## Your instructions
For the material below, reproduce exactly each line from the one that has "молекула духа Богданович" through the one that has "supersport_008_wsbk_2014_france_magny_cours.jpg", and no others; pictures stay out.

## Data for this exercise
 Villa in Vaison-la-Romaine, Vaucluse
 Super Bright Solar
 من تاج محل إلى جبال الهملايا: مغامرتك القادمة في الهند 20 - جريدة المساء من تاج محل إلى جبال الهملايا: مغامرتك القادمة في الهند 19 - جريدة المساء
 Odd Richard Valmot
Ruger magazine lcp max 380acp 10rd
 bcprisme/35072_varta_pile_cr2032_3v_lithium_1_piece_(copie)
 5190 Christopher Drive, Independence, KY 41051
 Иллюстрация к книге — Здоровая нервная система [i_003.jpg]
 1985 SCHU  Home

* * *

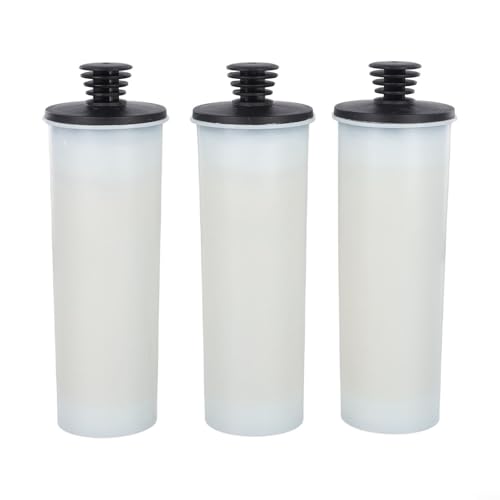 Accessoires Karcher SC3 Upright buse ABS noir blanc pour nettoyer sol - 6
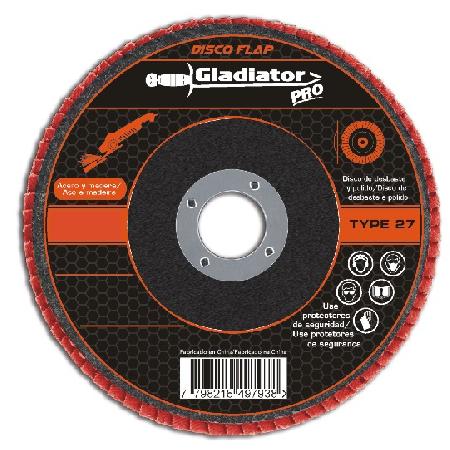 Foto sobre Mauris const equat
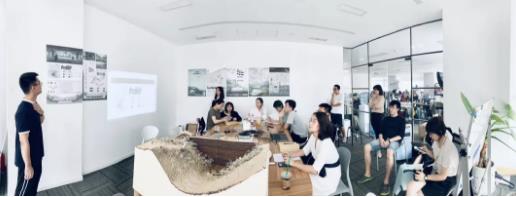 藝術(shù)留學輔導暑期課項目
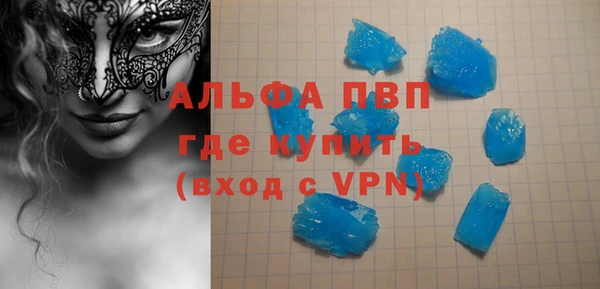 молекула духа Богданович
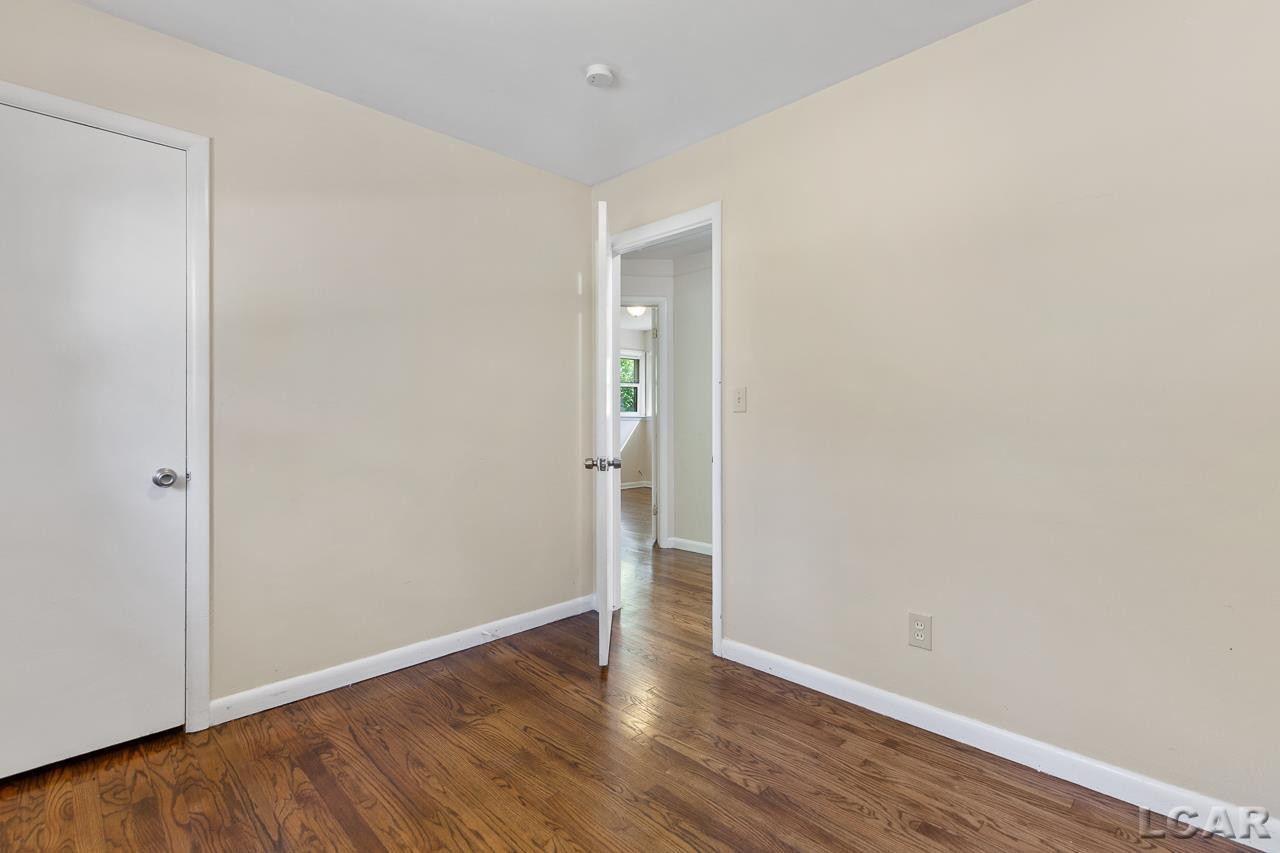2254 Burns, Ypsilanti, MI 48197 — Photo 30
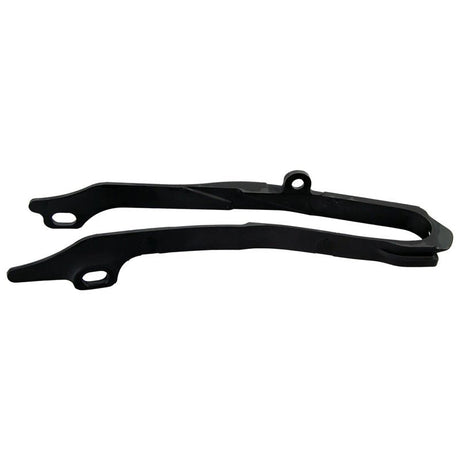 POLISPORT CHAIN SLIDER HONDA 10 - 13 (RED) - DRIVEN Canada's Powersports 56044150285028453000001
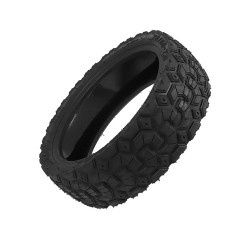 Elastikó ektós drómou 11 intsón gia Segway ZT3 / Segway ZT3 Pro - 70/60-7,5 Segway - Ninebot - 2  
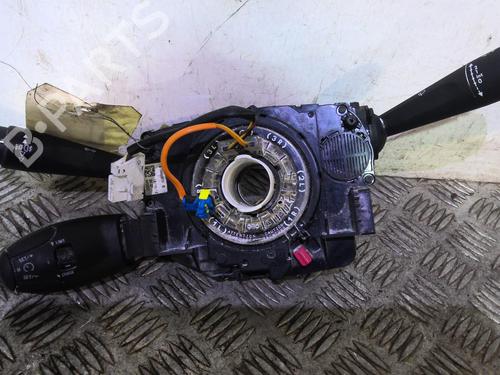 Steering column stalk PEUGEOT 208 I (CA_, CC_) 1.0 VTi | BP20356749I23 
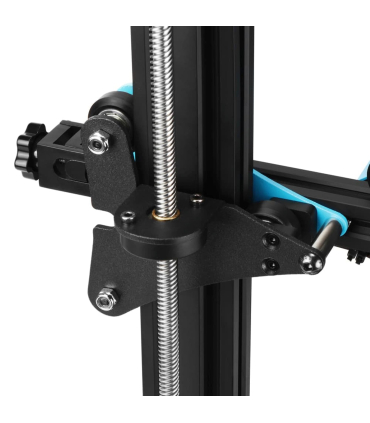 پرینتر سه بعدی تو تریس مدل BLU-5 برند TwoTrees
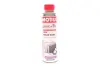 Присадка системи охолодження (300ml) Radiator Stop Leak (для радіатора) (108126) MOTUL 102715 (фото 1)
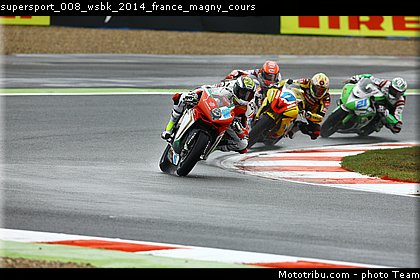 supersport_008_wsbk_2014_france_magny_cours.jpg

## Answer to this exercise
 молекула духа Богданович
2254 Burns, Ypsilanti, MI 48197 — Photo 30
 POLISPORT CHAIN SLIDER HONDA 10 - 13 (RED) - DRIVEN Canada's Powersports 56044150285028453000001
 Elastikó ektós drómou 11 intsón gia Segway ZT3 / Segway ZT3 Pro - 70/60-7,5 Segway - Ninebot - 2  
 Steering column stalk PEUGEOT 208 I (CA_, CC_) 1.0 VTi | BP20356749I23 
 پرینتر سه بعدی تو تریس مدل BLU-5 برند TwoTrees
 Присадка системи охолодження (300ml) Radiator Stop Leak (для радіатора) (108126) MOTUL 102715 (фото 1)
 supersport_008_wsbk_2014_france_magny_cours.jpg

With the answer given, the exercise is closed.